Notes to Consolidated Financial Statements — (Continued)
NOTE 5. | INVESTMENT IN MANAGEMENT COMPANY |
Pursuant to the Company’s 2001 consolidation transaction, the Company acquired a portion of the property management business of CGS Real Estate Company, Inc. The Company recorded a $4,000,000 investment in the property management business as determined by an exchange value computation.
SFAS No. 142 — “Goodwill and Other Intangible Assets” — requires intangible assets that are not subject to amortization be tested for impairment annually, or more frequently if events or changes in circumstances indicate that the asset might be impaired. If the carrying amount of the intangible asset exceeds its fair value, an impairment loss shall be recognized in an amount equal to that excess.

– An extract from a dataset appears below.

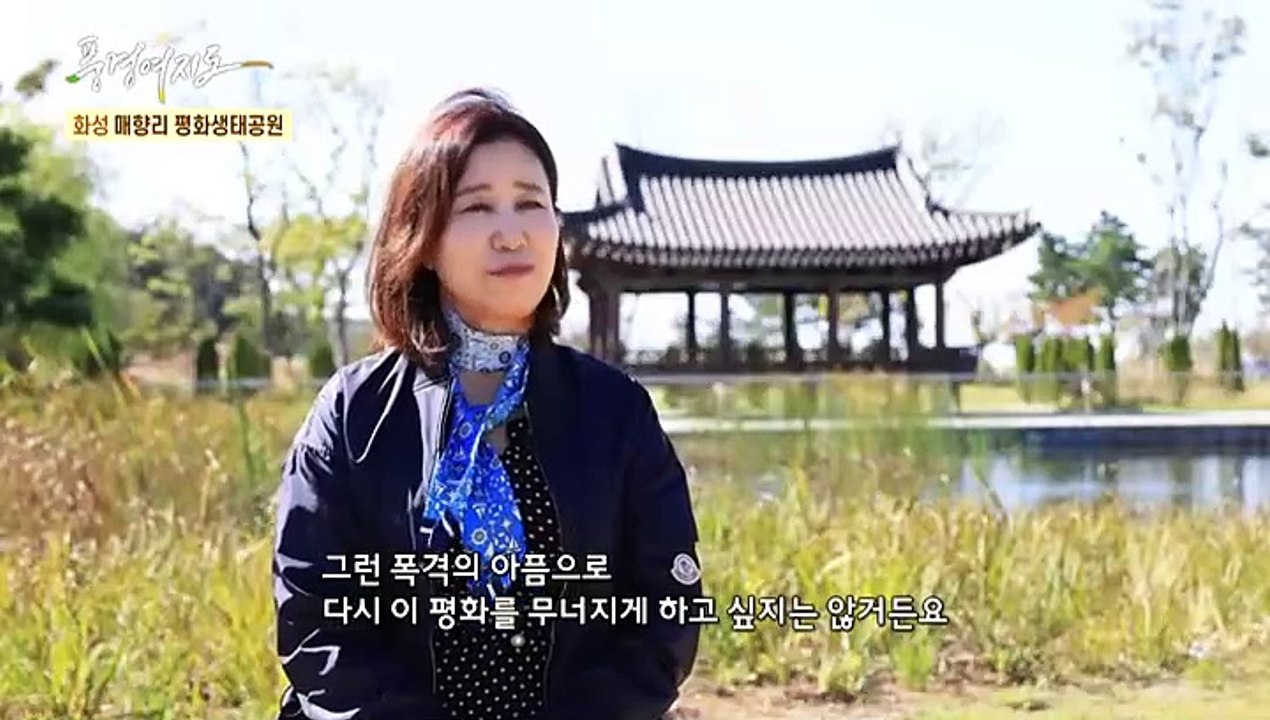 [풍경여지도] 잃어버린 54년 다시 깨어난 1억년 - 경기 화성 2부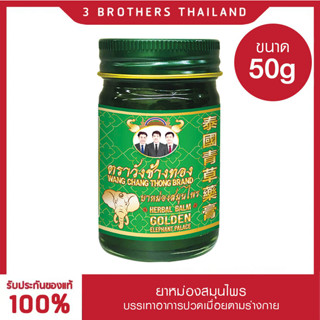 ตราวังช้างทอง ยาหมองสมุนไพร สีเขียว 50g Wangchangthong herbal blam (green) 50 g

After an impairment loss is recognized, the adjusted carrying amount of the intangible asset shall be its new accounting basis. Subsequent reversal of a previously recognized impairment loss is prohibited.
At December 31, 2007, the Company evaluated its investment in the management company in accordance with SFAS No. 142 and determined that the fair value had not decreased below carrying value and that no impairment was necessary.
NOTE 6. | RELATED PARTY TRANSACTIONS |
During 2007, the Company entered into a lease agreement with Galardi Group for 15,297 square feet of office space at the Company’s 7700 Irvine Center property. John N. Galardi, a principal stockholder and director of the Company, is a principal stockholder, director and officer of Galardi Group. The lease commenced March 1, 2008 and has a five year term. The annual base rent due to the Company pursuant to the lease is $504,081.
In July 2006, the Company reimbursed Mr. Galardi 250,810 for legal fees paid by him in prior years. The fees were incurred in connection with Mr. Galardi’s defense of a litigation matter in which he was named as a defendant by reason of his association with the Company. Expenses not previously recognized on this obligation, which totaled approximately $174,000, were expensed during the second and third quarters of 2006.
The Company pays a guarantee fee to William J. Carden, Mr. Galardi and CGS Real Estate Company, Inc., a company owned indirectly by Messrs. Carden and Galardi (“the Guarantors”), in consideration for their guarantees of certain obligations of the Company. Mr. Carden is the Chief Executive Officer, a director and a principal stockholder of the Company. The Guarantors are paid an annual guarantee fee equal to between .25% and .75% (depending on the nature of the guarantee) of the outstanding balance as of December 31 of the guaranteed obligations (“Guarantee Fee”). The Guarantee Fee is paid for a maximum of three years on any particular obligation. Guarantee Fees for each of the two years ended December 31, 2007 and 2006 amounted to $14,813 and $10,667, respectively.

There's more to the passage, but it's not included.